§ **TASK ITEM**
Using the data below, return the stretch from the line that contains "Honda CBR1000RR-R Fireblade" through the line that contains "Partners Group meldet", both included, exactly as it stands and nothing beyond it.

§ **EXTRACTED DATA**

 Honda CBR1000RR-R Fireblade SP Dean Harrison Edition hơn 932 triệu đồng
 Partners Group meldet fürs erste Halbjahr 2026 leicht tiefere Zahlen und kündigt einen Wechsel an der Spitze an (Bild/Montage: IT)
--
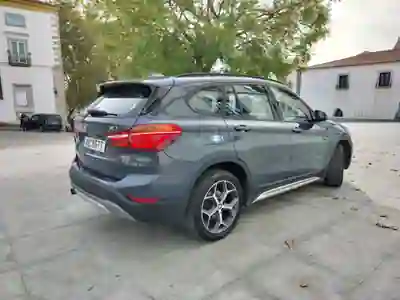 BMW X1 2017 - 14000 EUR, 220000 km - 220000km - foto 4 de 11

§ **RESULT BELOW**
 Honda CBR1000RR-R Fireblade SP Dean Harrison Edition hơn 932 triệu đồng
 Partners Group meldet fürs erste Halbjahr 2026 leicht tiefere Zahlen und kündigt einen Wechsel an der Spitze an (Bild/Montage: IT)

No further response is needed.